La restauration de l’État passe par l’édification d’un système politique recueillant l’adhésion de la population. L’Accord de Bonn prévoit l’établissement progressif d’une démocratie. Une assemblée, la Loya Jirga, a été mise en place pour rédiger une constitution. Elle comprend 340 membres élus des provinces, 110 représentants des minorités politiques (femmes, minorités religieuses, nomades), et 52 personnalités désignées par le président-Premier ministre. Moins de 3% des électeurs potentiels ayant pu participer à l’élection des députés de sorte, la Loya Jirga s’apparente à une fiction démocratique. La Constitution adoptée par cette curieuse assemblée n’est pas le fruit d’une délibération, elle a été rédigée par le représentant spécial états-unien Zalmay Khalilzad, et soumise à approbation. Les chefs de guerre ont négocié quelques amendements, notamment la suppression de la référence à la Déclaration universelle des Droits de l’homme et la subordination des lois positives à la Charia. De nombreux votes ont été achetés ou extorqués sous la menace. En définitive, cette constitution, dont certains passages peuvent faire l’objet d’interprétations variées, donne tous les pouvoirs à Hamid Karzaï. Cette mise en scène s’est donc bornée à donner une apparence de légitimité à un gouvernement fantoche imposé par Washington.

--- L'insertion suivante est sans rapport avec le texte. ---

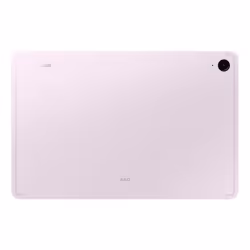 Samsung SM-X510NLIEEUB tablet Samsung Exynos 256 GB 27.7 cm (10.9") 8 GB Wi-Fi 6 (802.11ax) Android 13 Lilac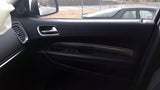 DURANGO   2013 Front Door Trim Panel 4632370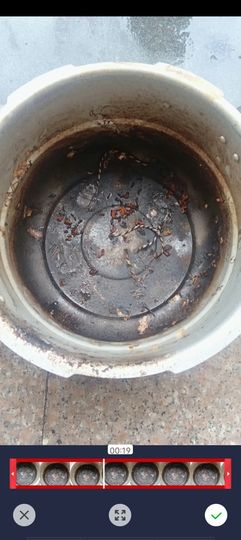 随缘独想爱好专一主播照片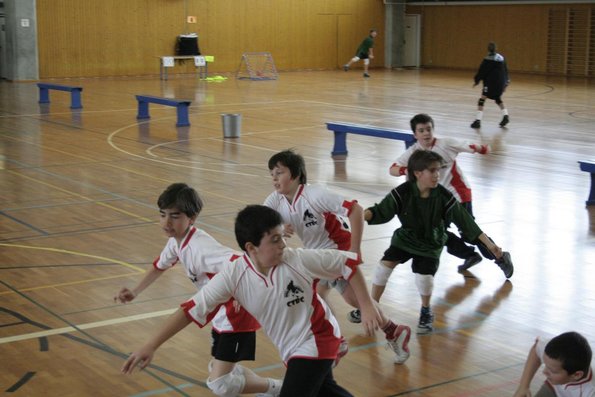 20060305_JourneeLemaniqueGE_LPittet_0094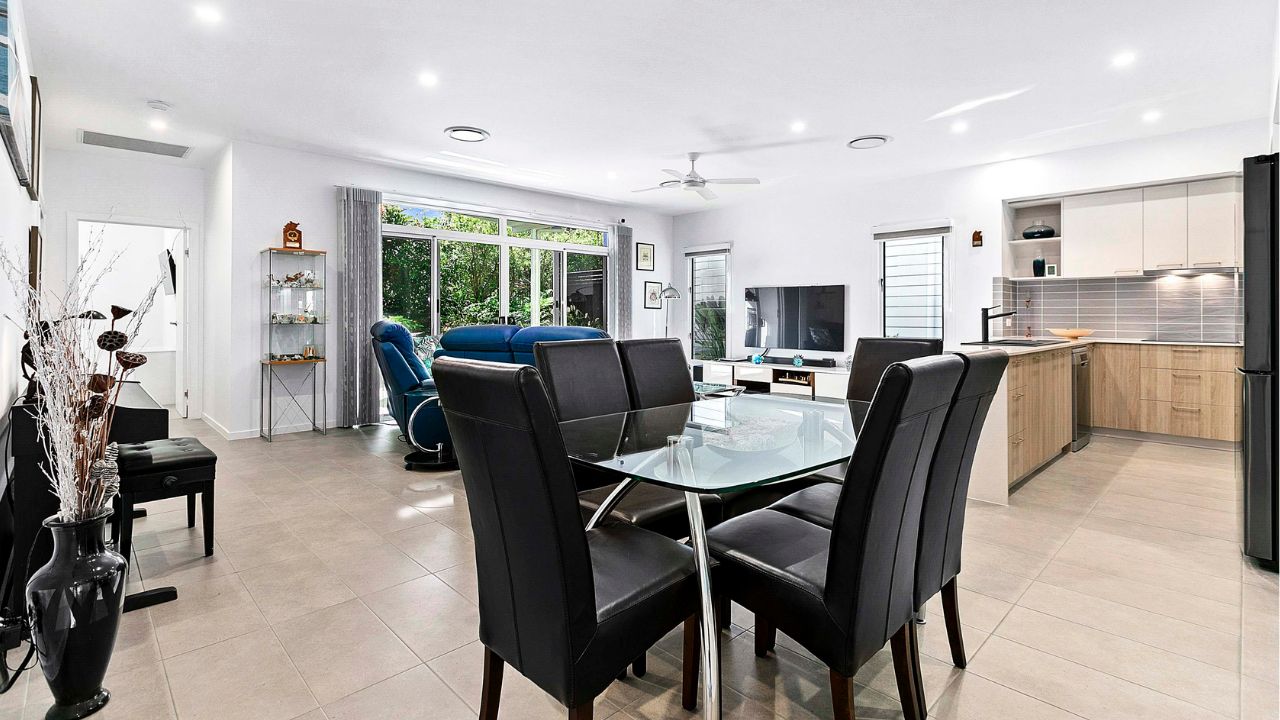 Home 53: Watson MK3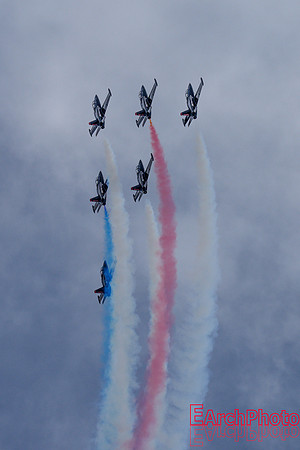 53 Earchphoto-Skyfest-26-WA-L-56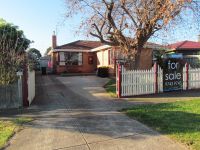 69 Thompson Street  AITKENVALE, Aitkenvale - Image 1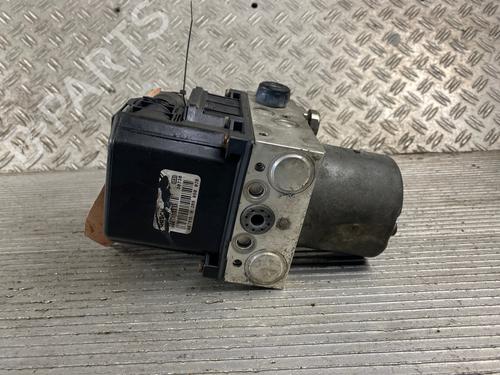 ABS pump FORD MONDEO III Turnier (BWY) 2.0 TDCi | BP16044647M43 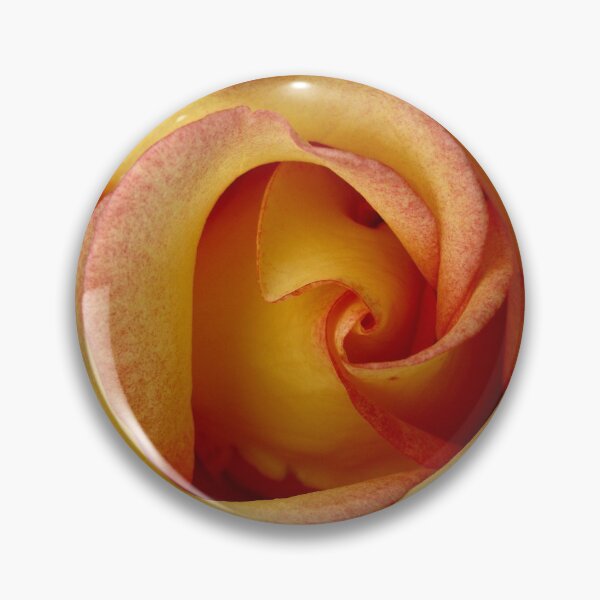 Item preview, Sunny Hill Rose designed and sold by dps7777.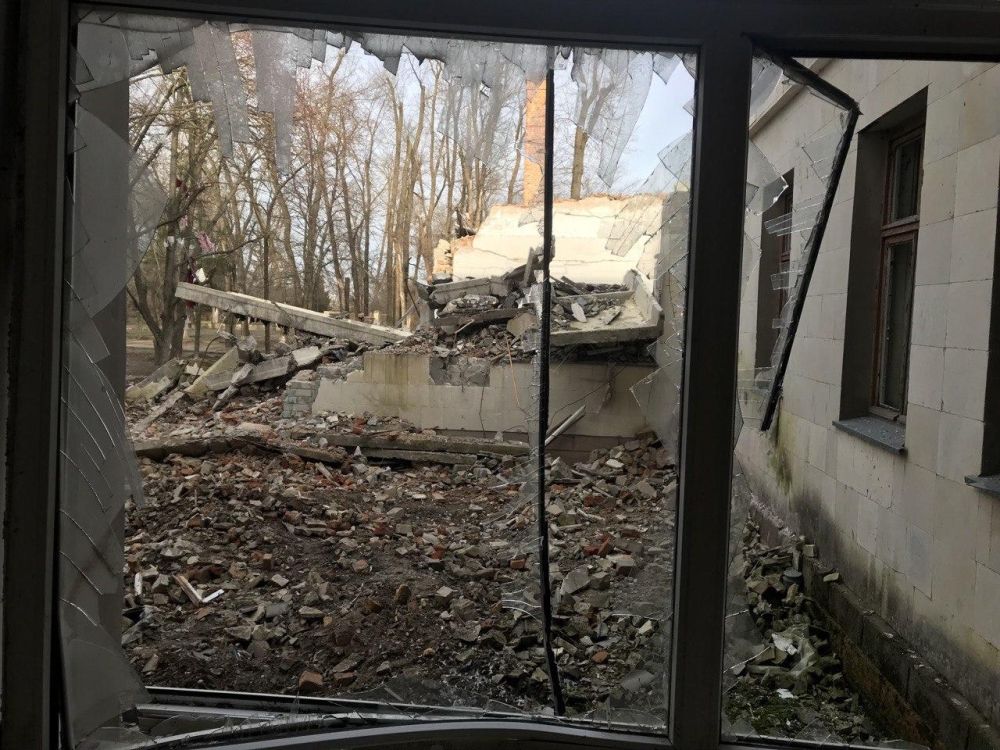 �������-���� ���������� ��������������� ����������� �������������� ���������� �������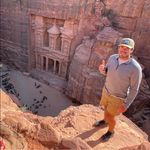 Profile Picture of Adam Christensen (@adamchris11) on Instagram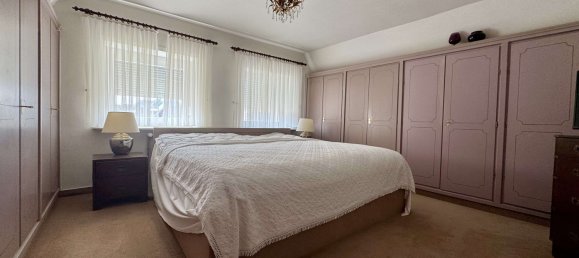 6غرفة منزل في Nordfriesland, Germany رقم 271132 24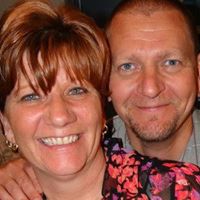 Lori Shaffer Photo 21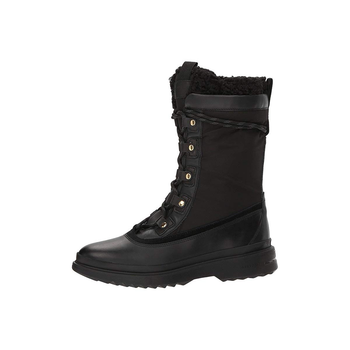 Cole haan hotsell millbridge waterproof boot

Pour les Afghans, la liberté et la démocratie restent à conquérir.

Documents de référence sur la situation en Afghanistan :
Plusieurs centaines de documents relatifs à l’opération Enduring Freedom ont été archivés sur notre serveur 911 Investigations. La plupart sont en anglais et au format PDF.
Pour l’année 2002, on trouvera des documents en français dans la rubrique Fil diplomatique de Réseau Voltaire. Notamment :
- Compte rendu de la réunion du Conseil de sécurité du 15 janvier 2004
- Rapport périodique du secrétaire général de l’ONU au Conseil de sécurité (30 décembre 2003)
- Rapport du secrétaire général de l’ONU à la 58e Assemblée générale (3 décembre 2003)
- Rapport de mission des membres du Conseil de sécurité (11 novembre 2003
- Rapport périodique du secrétaire général de l’ONU au Conseil de sécurité (23 juillet 2003)
- Rapport périodique du secrétaire général de l’ONU au Conseil de sécurité (18 mars 2003)

[1] Le gouvernement virtuel du président Burhanuddin Rabbani siégeait à l’ONU, mais n’exerçait aucun pouvoir en Afghanistan.

[2] Il semble que, en violation de l’accord, les forces du général Dostum n’aient abandonné qu’une faible partie de leurs armes lourdes.

[3] L’opinion publique occidentale a perdu de vue que la tragédie des femmes afghanes trouve son origine dans la guerre entreprise par les puissances occidentales contre le régime progressiste communiste en s’appuyant sur des groupes jihadistes obscurantistes. Sous le régime marxiste de Mohammed Taraki, la scolarisation des enfants des deux sexes était obligatoire, le lévirat -c’est-à-dire l’obligation pour les veuves d’épouser le frère du défunt- était interdite, ainsi que la vente des êtres humains. Cf. « Une guerre pour les femmes » par Christine Delphy, in Le Monde diplomatique, mars 2002.

[4] Donald Rumsfeld avait déclaré qu’il serait regrettable que les prisonniers détenus par Dostum « soient libérés et puissent se rendre dans un autre pays ». Voir à ce sujet le film de Jamie Doran, Massacre en Afghanistan, le convoi de la mort.